Material provided –
=== Section Start ===

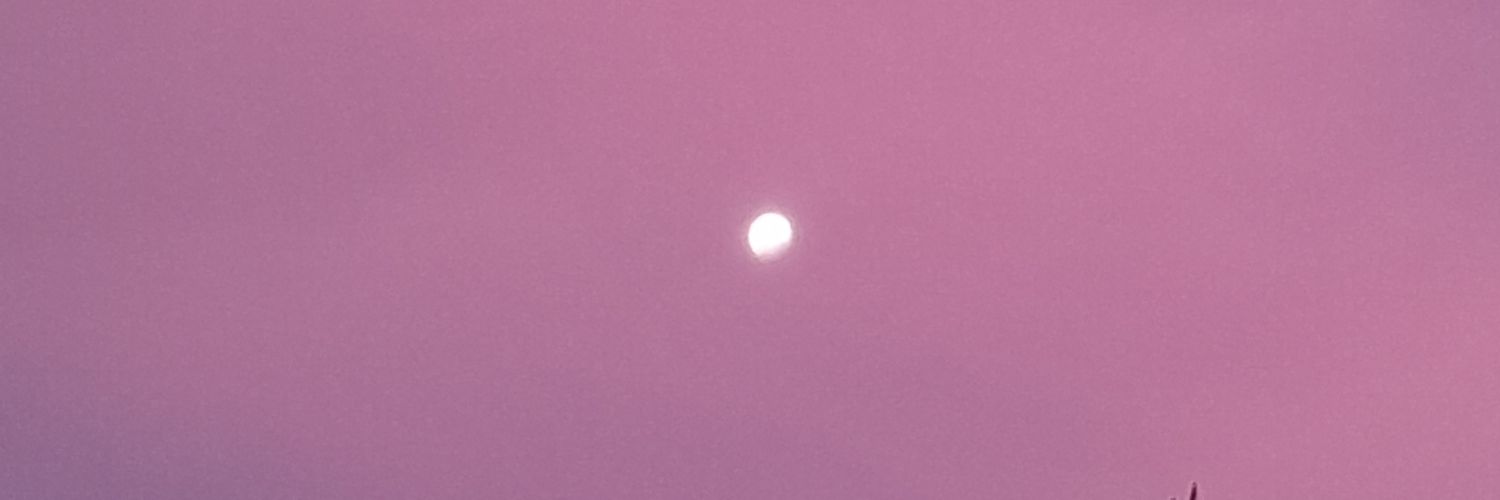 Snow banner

=== Section End ===
=== Section Start ===

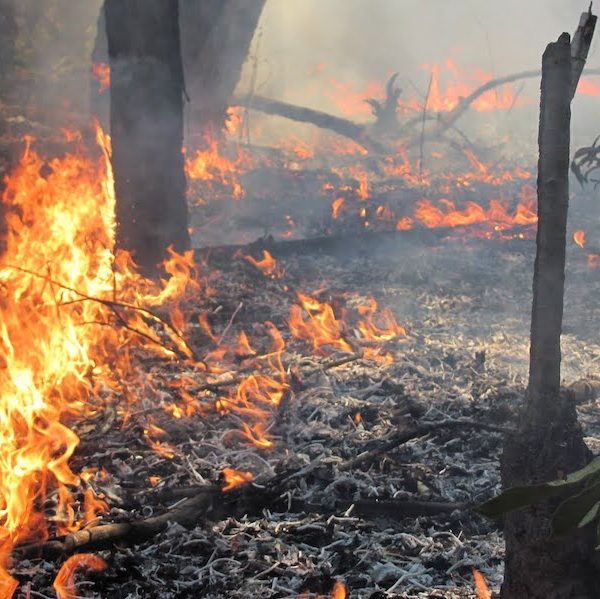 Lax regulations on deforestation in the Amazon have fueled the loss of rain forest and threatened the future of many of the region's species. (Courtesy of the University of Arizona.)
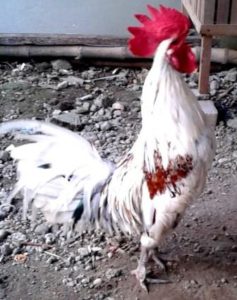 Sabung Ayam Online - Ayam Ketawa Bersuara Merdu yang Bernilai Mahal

=== Section End ===

The task – In the data above, find the line containing "Lax regulations on" and the line containing "Sabung Ayam Online". Copy exactly the stretch from the first through the second, both included, leaving out any picture.

Answer to the exercise –
 Lax regulations on deforestation in the Amazon have fueled the loss of rain forest and threatened the future of many of the region's species. (Courtesy of the University of Arizona.)
 Sabung Ayam Online - Ayam Ketawa Bersuara Merdu yang Bernilai Mahal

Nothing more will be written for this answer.